> **EXERCISE DIRECTIONS**
Your reply should set down word for word each line below from the one with "2 piece personalized heart keychains" through the final line, both included, but none of the pictures.

> **MATERIAL FOR THIS EXERCISE**
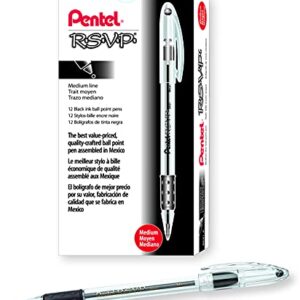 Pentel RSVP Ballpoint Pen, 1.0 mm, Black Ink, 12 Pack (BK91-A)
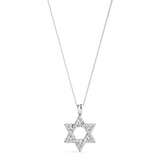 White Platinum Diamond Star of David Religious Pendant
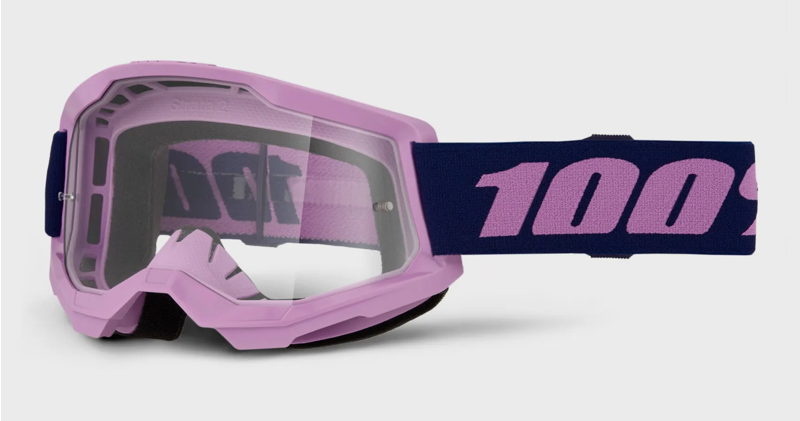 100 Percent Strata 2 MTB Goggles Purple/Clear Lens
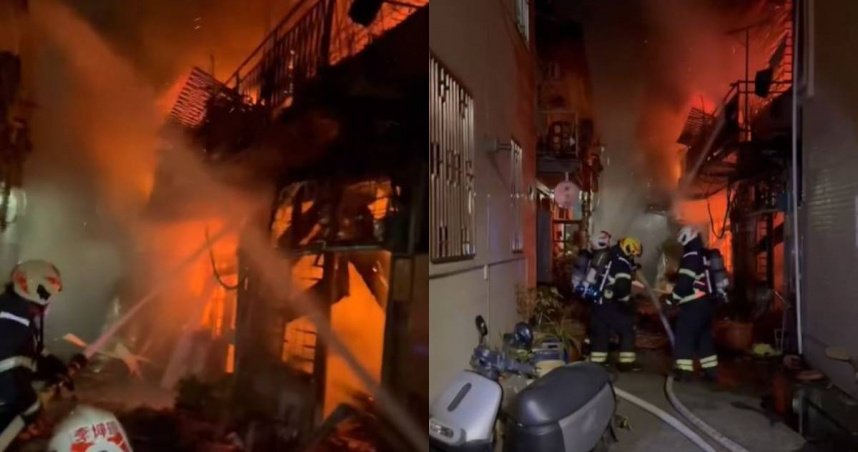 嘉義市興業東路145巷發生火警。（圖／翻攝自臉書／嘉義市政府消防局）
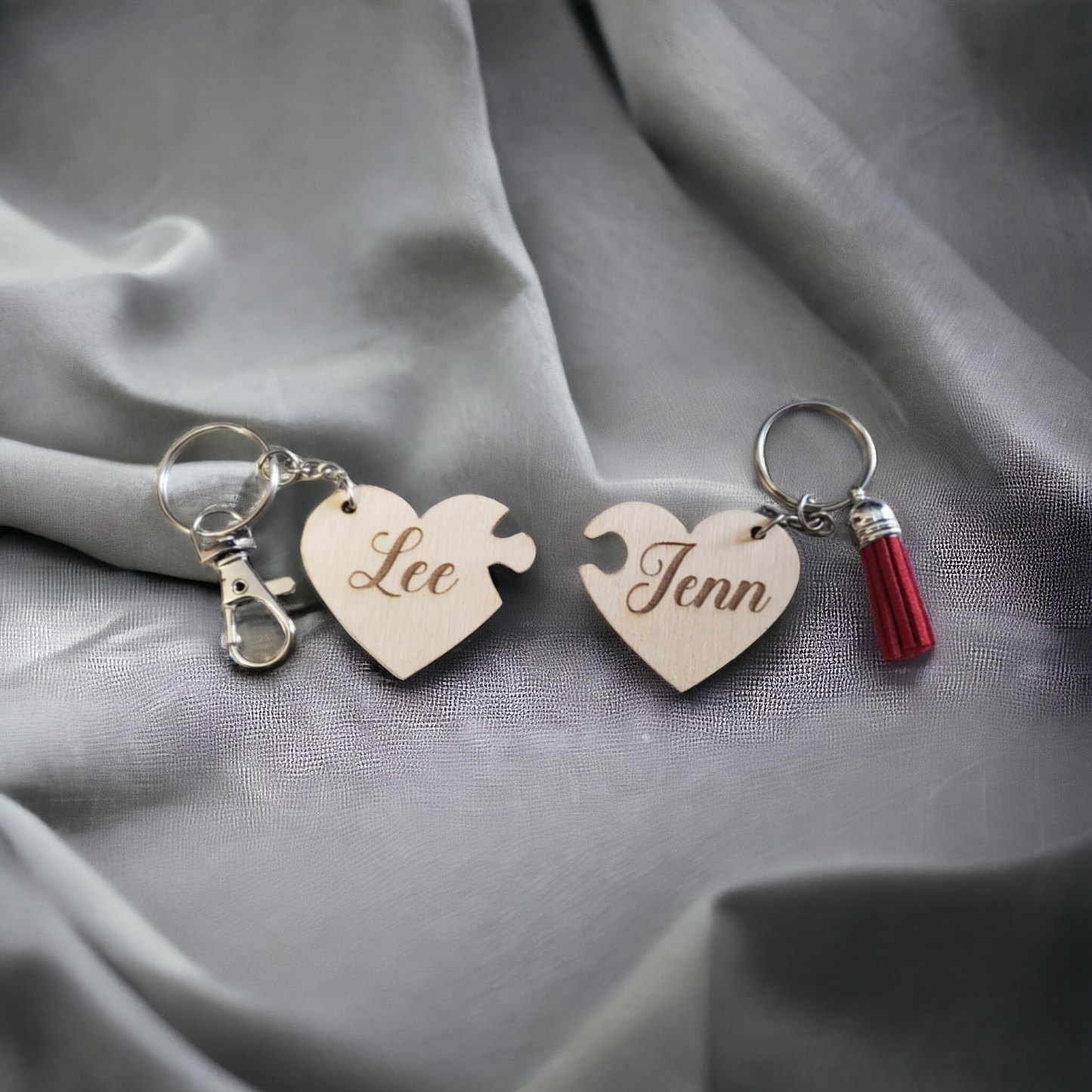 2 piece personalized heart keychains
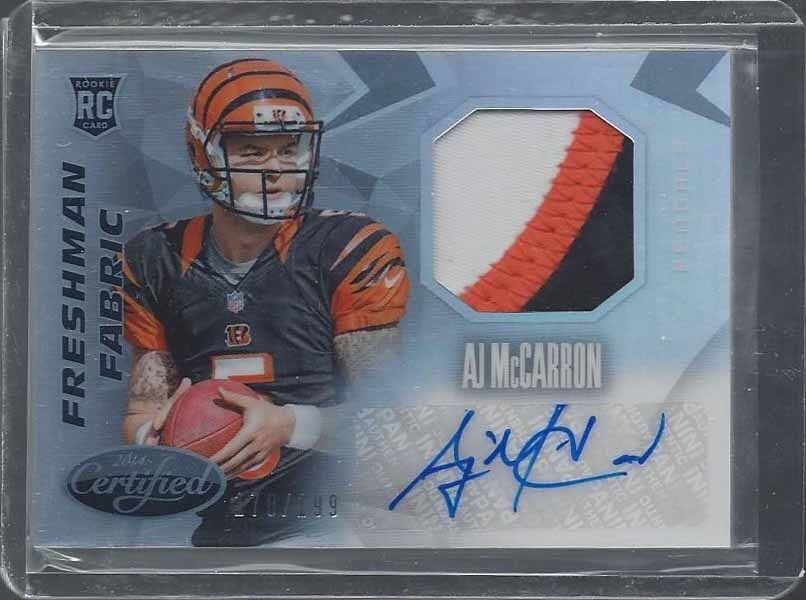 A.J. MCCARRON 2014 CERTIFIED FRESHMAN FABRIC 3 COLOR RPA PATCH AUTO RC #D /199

> **FINISHED EXERCISE**
 2 piece personalized heart keychains
 A.J. MCCARRON 2014 CERTIFIED FRESHMAN FABRIC 3 COLOR RPA PATCH AUTO RC #D /199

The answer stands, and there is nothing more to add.